Manifestation des gilets jaunes: «On vaut bien une cathédrale»

Après plus de cinq mois de mobilisation, des milliers de gilets jaunes sont redescendus dans la rue samedi pour un acte XXII marqué par un regain de tension à Paris avant les réponses d’Emmanuel Macron au grand débat, attendues jeudi.

Selon le ministère de l’Intérieur, le nombre de manifestants a reculé sur l’ensemble du pays (27.900 contre 31.100 la semaine précédente) mais a quasiment doublé dans la capitale (9.000). Selon leurs estimations, les gilets jaunes ont comptabilisé plus de 100.000 manifestants en France.

Plusieurs magasins vandalisés

À Paris, les premières échauffourées ont éclaté en début d’après-midi près de Bastille, avant de se concentrer sur la place de la République, point d’arrivée du cortège.

Pendant l’après-midi, la place a été régulièrement plongée dans un nuage de gaz lacrymogènes tandis que des manifestants jetaient bouteilles et autres projectiles en direction des forces de l’ordre. Plusieurs enseignes ont été vandalisées.

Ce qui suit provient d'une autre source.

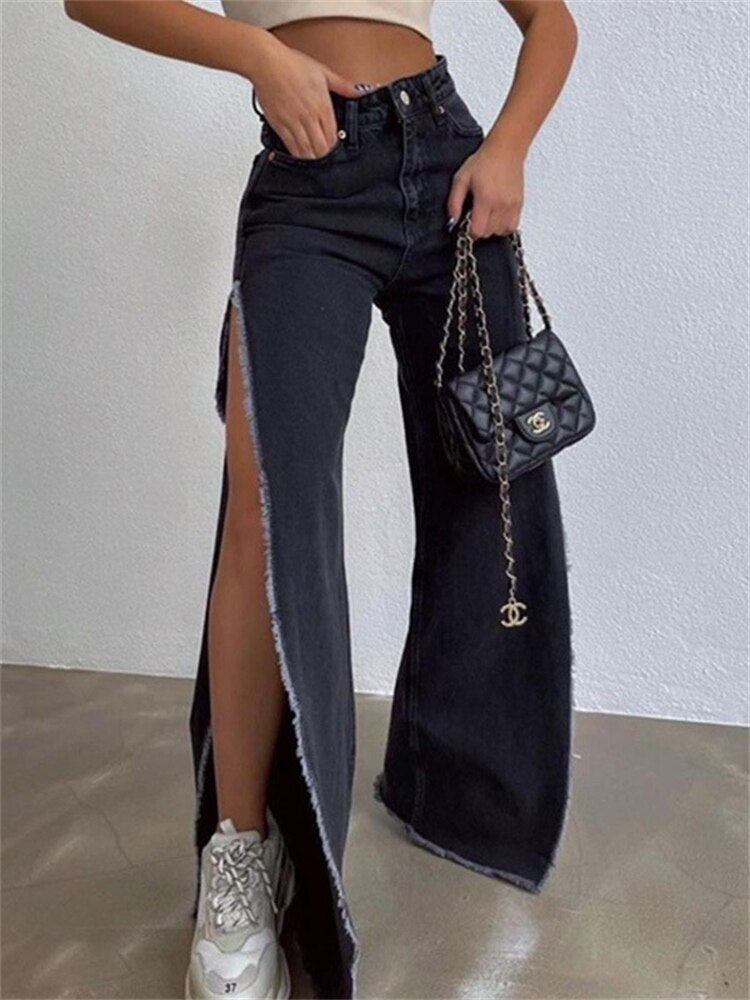 CityHottie - High Waisted Side Split Out Jeans Women Casual Loose Cargo Black Pants Streetwear Summer Wide Leg Long Baggy Y2k Jeans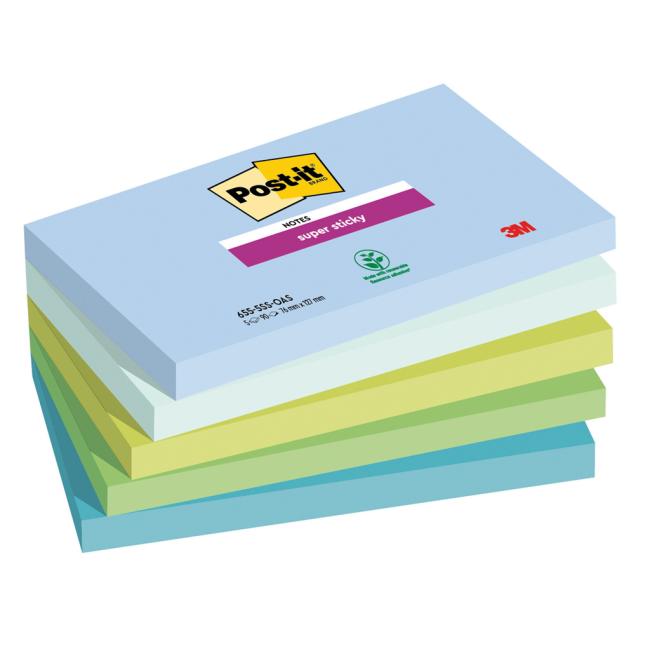 Post-it Super Sticky OASIS, rozmer 76x127 mm, 5 blokov po 90 kariet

Amplifiant le climat de tension, certains manifestants ont crié « Suicidez-vous, suicidez-vous » aux forces de l’ordre, alors que la police est touchée par une vague de suicides sans précédent. « Honte à ceux qui se sont livrés à une telle ignominie », a twitté le ministre de l’Intérieur Christophe Castaner.

Après plusieurs heures de face-à-face tendu, le rassemblement se dispersait lentement vers 19h sur la place de la République où la circulation automobile avait repris.

La police a procédé à Paris à 227 interpellations et à plus de 20.500 contrôles préventifs, selon la préfecture.

À 19h, 178 personnes avaient été placées en garde à vue dans la capitale, dont six mineurs, selon le parquet.

La version du ministre de l’Intérieur vs la mairie de Paris

Malgré les craintes des autorités qui avaient déployé 60.000 policiers et gendarmes dans le pays, les heurts ont été sans commune mesure avec ceux du premier « ultimatum » du samedi 16 mars, pendant lesquels les Champs-Elysées avaient été saccagés.

« Malgré la volonté de certains manifestants de casser à nouveau (…), le travail des forces de l’ordre et leur professionnalisme ont permis de protéger les biens et les personnes », a salué M. Castaner dans un communiqué.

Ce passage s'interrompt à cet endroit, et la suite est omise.